Market participants, including TXU, Energy SA, National Power, AGLES&M, and NRG Flinders supported the proposed queue in principle.459

TXU indicated that the alternative policy was a ‘very positive advance which has the potential to provide benefits both to participants in the South Australian gas market and ultimately to consumers of both gas and electricity in South Australia’.460

Origin indicated that it was an appropriate method to allocate spare capacity to incremental users in circumstances where:461


  • Users with contracts have been given the opportunity to renew their contracts and have decided not to recontract;

  • Existing users’ requirements for gas have been satisfied. Origin consider that the intent of Section 6.15(d) of the Code is that existing users of gas should have priority over incremental users.

A number of parties made comments in relation to the details of the proposed policy, which are outlined below.

  • Energy SA, ANP, AGLES&M and TXU submitted that the queuing policy for existing capacity should provide for conciliation and/or negotiation prior to arbitration. This is on the basis that an outcome arising out of conciliation / negotiation is more timely and cost effective.462

    In relation to the terms of conciliation / negotiation, ANP and TXU argued that participation should be voluntary and if one party withdraws the dispute would automatically go to arbitration.



  • ANP submitted that there should be a definite time period for each stage of the process.463 ANP and TXU both suggested that the dispute process should have a final closing date for all requests for capacity.464 TXU indicated that 60 days would be a reasonable period for the submissions of requests for service.

  • AGLES&M and Energy SA submitted that requests for developable capacity should be aggregated rather than dealt with on a first in first served basis.465 AGLES&M argued that this was necessary because different tranches of developable capacity may have different costs, and therefore would need to be offered to customers at different prices on the basis of their priority in the queue.
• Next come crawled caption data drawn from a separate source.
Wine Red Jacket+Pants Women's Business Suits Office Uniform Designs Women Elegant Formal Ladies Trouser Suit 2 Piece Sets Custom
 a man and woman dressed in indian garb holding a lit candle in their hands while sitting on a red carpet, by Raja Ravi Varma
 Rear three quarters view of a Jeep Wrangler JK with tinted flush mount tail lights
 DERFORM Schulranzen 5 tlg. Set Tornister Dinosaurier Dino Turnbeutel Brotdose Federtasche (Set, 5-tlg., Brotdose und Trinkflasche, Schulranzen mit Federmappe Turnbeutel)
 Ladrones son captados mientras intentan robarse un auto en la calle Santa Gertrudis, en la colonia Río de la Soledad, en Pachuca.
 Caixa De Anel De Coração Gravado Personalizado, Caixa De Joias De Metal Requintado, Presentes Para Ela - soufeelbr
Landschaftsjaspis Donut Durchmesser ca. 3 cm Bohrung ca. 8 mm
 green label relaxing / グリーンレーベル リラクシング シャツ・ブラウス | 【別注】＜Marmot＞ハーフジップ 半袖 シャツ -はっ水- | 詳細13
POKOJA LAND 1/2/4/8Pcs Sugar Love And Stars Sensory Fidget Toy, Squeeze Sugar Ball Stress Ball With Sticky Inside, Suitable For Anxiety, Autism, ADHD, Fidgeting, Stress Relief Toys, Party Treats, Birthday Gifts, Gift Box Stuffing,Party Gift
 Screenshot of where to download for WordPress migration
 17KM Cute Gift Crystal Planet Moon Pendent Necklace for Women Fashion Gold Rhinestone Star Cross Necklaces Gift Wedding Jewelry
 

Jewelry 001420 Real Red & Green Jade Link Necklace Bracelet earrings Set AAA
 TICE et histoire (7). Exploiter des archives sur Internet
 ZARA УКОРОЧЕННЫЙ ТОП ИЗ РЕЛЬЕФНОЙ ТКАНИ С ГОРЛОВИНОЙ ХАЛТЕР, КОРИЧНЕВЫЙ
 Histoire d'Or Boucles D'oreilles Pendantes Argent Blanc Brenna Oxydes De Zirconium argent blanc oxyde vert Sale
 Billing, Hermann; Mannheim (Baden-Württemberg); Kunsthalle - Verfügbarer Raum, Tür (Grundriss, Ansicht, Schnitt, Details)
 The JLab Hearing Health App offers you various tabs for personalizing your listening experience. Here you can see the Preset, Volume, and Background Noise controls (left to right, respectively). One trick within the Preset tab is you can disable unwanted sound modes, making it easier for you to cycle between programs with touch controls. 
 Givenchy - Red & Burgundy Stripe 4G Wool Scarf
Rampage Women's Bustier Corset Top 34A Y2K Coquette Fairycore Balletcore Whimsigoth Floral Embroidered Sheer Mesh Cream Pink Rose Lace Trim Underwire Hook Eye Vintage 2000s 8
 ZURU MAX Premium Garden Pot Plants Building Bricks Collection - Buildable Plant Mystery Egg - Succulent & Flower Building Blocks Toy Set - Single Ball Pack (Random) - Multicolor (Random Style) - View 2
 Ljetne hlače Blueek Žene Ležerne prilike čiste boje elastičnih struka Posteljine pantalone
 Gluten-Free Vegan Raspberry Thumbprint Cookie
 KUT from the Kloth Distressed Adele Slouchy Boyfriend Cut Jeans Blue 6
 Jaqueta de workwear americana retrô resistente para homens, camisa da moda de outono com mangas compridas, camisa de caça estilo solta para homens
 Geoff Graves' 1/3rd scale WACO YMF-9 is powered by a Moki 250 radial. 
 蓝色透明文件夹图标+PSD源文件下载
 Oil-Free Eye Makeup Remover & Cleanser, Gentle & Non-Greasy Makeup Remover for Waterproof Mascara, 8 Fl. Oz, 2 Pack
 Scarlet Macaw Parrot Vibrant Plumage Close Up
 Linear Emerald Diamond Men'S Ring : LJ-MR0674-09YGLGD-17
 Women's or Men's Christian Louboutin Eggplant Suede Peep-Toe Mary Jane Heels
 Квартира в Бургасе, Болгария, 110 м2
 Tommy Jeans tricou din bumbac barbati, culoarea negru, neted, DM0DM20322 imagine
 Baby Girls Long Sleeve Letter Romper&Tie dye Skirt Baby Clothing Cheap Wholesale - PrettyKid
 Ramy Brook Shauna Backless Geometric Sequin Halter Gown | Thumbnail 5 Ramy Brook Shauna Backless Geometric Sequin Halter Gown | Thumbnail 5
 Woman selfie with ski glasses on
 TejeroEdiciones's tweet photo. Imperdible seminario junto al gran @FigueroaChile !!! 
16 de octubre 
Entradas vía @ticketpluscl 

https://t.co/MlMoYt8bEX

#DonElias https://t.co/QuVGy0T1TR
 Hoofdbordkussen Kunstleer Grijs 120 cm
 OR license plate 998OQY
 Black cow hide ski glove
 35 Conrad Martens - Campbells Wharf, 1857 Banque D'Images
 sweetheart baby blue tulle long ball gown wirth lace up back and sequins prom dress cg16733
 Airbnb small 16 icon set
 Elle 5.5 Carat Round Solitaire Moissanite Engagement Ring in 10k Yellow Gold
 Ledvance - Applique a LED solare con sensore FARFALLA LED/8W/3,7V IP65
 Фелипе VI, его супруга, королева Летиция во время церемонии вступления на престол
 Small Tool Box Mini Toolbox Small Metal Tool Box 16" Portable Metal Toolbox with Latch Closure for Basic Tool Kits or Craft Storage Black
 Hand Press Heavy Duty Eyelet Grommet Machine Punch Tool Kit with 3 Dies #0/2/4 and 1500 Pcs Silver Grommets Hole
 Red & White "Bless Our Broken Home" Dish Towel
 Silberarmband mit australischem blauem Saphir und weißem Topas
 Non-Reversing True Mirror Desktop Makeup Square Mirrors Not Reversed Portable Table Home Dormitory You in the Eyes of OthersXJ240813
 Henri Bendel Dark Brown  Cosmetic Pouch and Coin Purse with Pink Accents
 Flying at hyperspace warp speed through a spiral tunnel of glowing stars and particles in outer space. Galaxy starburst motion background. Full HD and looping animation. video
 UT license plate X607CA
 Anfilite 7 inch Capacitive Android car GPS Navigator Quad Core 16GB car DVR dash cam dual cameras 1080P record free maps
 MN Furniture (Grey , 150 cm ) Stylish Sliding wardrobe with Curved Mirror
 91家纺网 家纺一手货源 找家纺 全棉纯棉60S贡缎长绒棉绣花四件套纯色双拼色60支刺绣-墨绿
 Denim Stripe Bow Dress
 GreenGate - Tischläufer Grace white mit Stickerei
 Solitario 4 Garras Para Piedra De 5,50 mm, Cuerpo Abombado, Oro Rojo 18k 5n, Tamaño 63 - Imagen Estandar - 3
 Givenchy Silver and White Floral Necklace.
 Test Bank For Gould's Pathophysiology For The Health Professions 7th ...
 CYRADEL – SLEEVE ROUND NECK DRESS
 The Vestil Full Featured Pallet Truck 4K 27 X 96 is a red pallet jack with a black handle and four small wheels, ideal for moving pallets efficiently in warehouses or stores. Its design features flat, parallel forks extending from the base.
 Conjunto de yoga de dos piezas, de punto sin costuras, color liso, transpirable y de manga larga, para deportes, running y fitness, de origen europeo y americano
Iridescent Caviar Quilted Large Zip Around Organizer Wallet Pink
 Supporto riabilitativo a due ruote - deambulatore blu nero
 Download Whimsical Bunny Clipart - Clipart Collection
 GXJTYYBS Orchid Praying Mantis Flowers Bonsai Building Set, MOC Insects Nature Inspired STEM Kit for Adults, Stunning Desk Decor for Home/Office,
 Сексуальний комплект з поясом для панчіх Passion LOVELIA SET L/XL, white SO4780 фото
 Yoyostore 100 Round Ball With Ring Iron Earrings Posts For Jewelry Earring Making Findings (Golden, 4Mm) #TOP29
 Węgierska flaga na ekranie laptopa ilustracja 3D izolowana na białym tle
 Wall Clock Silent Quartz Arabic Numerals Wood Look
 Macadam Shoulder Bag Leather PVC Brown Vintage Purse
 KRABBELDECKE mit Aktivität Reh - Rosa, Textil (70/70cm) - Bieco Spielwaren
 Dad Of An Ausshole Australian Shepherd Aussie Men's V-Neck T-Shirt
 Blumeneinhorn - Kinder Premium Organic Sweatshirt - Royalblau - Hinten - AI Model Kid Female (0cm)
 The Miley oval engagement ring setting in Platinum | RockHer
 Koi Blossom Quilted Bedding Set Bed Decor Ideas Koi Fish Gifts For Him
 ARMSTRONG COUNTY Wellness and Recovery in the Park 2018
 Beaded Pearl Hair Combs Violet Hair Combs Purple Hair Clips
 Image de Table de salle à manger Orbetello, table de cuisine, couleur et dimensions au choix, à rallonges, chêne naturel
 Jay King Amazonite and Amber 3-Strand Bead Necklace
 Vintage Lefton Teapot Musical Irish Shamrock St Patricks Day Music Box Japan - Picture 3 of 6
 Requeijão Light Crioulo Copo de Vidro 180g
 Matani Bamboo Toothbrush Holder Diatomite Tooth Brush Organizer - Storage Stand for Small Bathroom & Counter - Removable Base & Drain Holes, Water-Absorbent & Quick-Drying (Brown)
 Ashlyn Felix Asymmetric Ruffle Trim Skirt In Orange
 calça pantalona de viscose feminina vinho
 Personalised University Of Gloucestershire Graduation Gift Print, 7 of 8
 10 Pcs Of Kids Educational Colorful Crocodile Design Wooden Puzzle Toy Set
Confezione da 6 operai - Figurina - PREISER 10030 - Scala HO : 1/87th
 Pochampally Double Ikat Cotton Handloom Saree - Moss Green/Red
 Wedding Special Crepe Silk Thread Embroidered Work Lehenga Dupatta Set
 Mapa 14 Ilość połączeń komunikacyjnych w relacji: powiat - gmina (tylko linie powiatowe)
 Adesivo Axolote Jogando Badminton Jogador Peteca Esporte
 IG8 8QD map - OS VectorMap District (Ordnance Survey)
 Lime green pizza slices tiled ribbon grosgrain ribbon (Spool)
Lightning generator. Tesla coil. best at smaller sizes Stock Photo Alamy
AGLES&M suggested that developable capacity and existing capacity should be dealt with in a single process because having separate queuing policies is not workable in practice.

  • TXU submitted that a queue was not necessary for developable capacity because an operator would presumably be prepared to augment the pipeline to meet new demand.466

  • ANP noted that the process provided for must not compromise, deteriorate or over ride the rights available to access proponents under the arbitration process described in the GPAL.467

  • Energy SA submitted that it would be preferable for the regulator to opt not to be the arbitrator given that the focus of the arbitration should be on achieving an outcome which is commercially acceptable to all parties.468 Additionally, Energy SA suggested that alternative means of allocating capacity could be adopted in limited circumstances, such as an auction and the allocation of contracted but unused capacity to a prospective user for a fixed time.

  • TGT submitted that the proposed queuing policy was unnecessary as the capacity allocation issue which has arisen in relation to 2006 will be resolved under 1995 South Australian access law. However if an arbitration process was included in the access arrangement, it should be confined to the 2006 capacity issue. TGT argued that such a process would be cumbersome if it was to apply to spare capacity for any quantity every time it arose.469

  • TXU noted that as the proposed process was not a queue that the concept of a queue should be dispensed with.470

  • TXU submitted that for the process to operate efficiently and effectively, there should be a requirement that service requests should be made ‘in good faith, reflect a proponent’s reasonable commercial requirements and be one to which the proponent is prepared to immediately commit by entering a contract.